Pointant un nombre de marques "important", M. Tavares a reconnu que l'un des enjeux serait de "bien gérer leur complémentarité". "Je ne vois pas de nécessité de supprimer des marques car elles ont toutes leur histoire et toutes leur force", a-t-il ajouté, dans une interview sur le plateau de BFM Business.

Carlos Tavares a également confirmé qu'aucune fermeture d'usine n'était prévue, citant l'exemple du rachat d'Opel en 2017.

"Lorsque nous avons pris le contrôle d'Opel, la situation était bien plus critique. Avec Opel, nous sortions de 20 ans de pertes accumulées et nous avons su redresser cette entreprise sans fermeture de site. Là, FCA est une entreprise en bonne santé", a-t-il indiqué.

M. Tavares a néanmoins pointé "l'inflation" de réglementations "absolument considérable" en Europe qui crée une "augmentation des coûts" pour les constructeurs automobiles. "Les marges dans l'industrie automobile sont en permanence sous pression et il faut en permanence chercher la productivité", a-t-il expliqué, sans répondre précisément sur d'éventuelles suppressions de postes.

PSA et FCA ont évalué à 3,7 milliards d'euros les économies générées par leur rapprochement, pour une société dont le chiffre d'affaires consolidé est évalué à 170 milliards d'euros.
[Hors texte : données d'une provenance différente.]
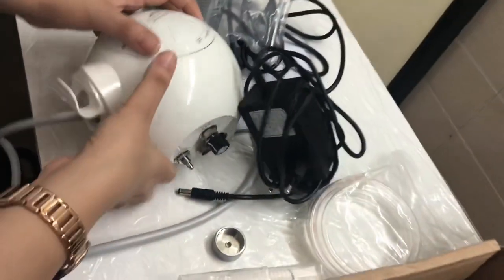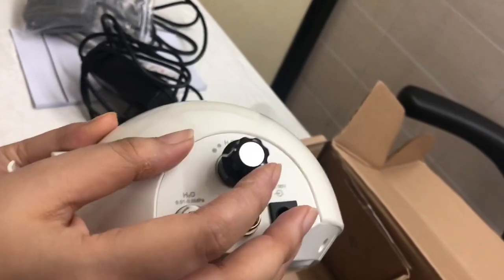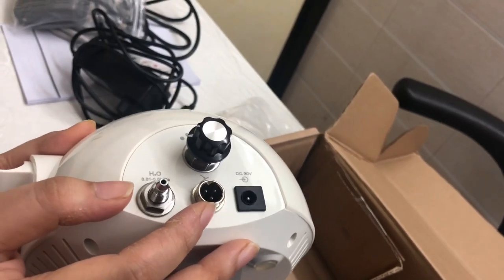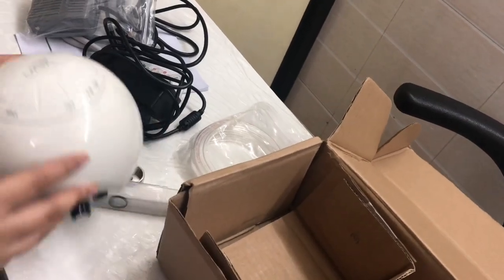So let me tell you what the parts are inside. This is your water control switch, this is your socket for power, this is your socket for the foot switch, this is your water entrance, and this is your power knob.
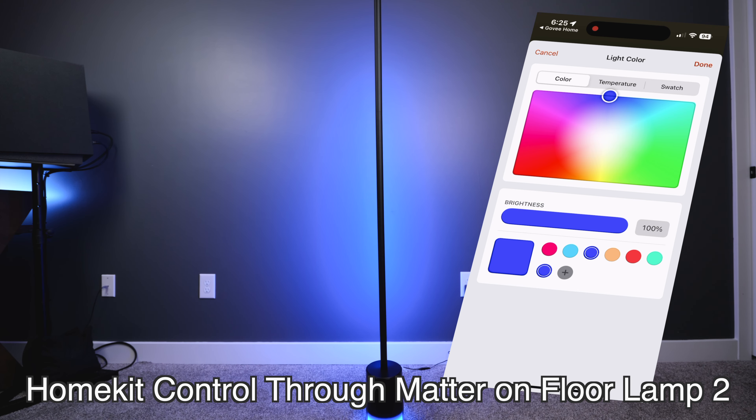You can integrate it with Amazon Alexa or Google Home. Govee has also stated that there's going to be Matter support available on this light, but it's not available at the time of shooting this video in early 2024. This is going to be really sweet if they enable this light to work with Matter, because then you can use it with Apple HomeKit or any smart home system that you want.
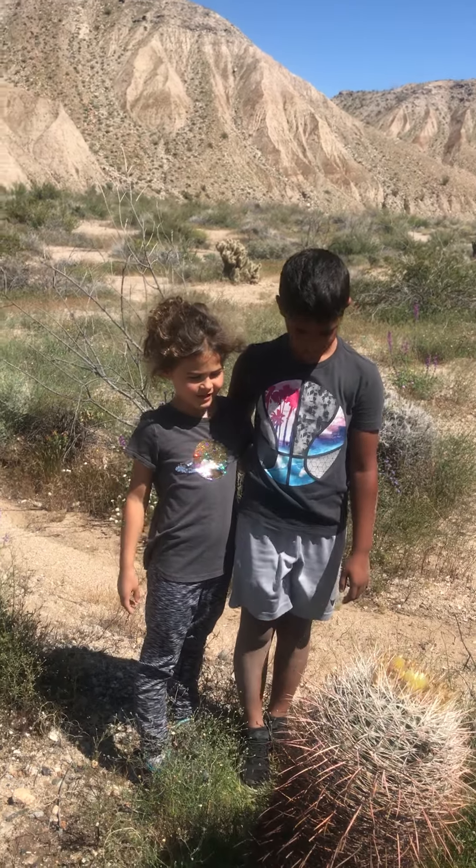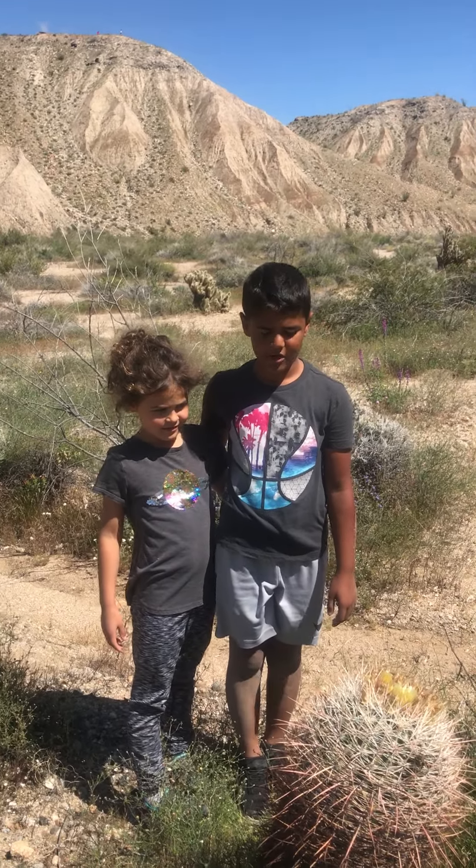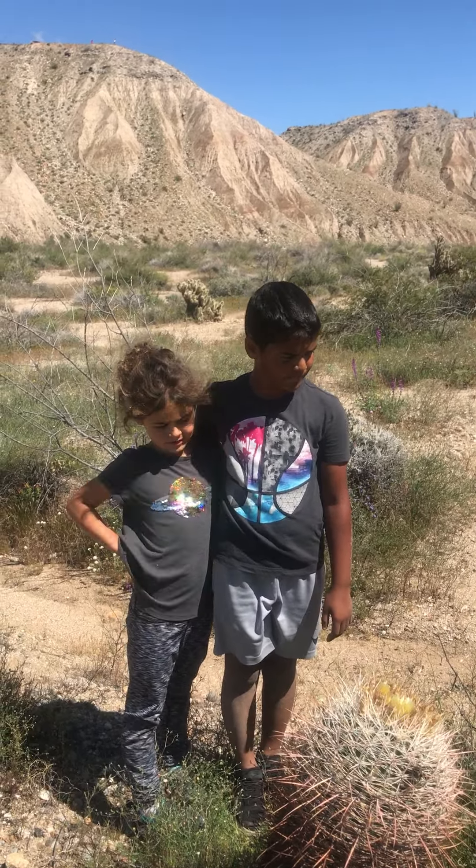Hi guys, welcome back to the video. Today we're talking about California Barrel Cactus — this is the California Barrel Cactus, and it's Ferocactus cylindraceus.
"Il faut se préparer en diluant (dans un groupe plus important, NDLR) les énormes coûts de recherche et développement que nous avons en ce moment et en nous donnant un effet volume sur l'achat des éléments électriques notamment des batteries", a affirmé M. Tavares pour justifier le projet de fusion, estimant à plus de "cinq milliards d'euros" les investissements technologiques nécessaires sur dix ans.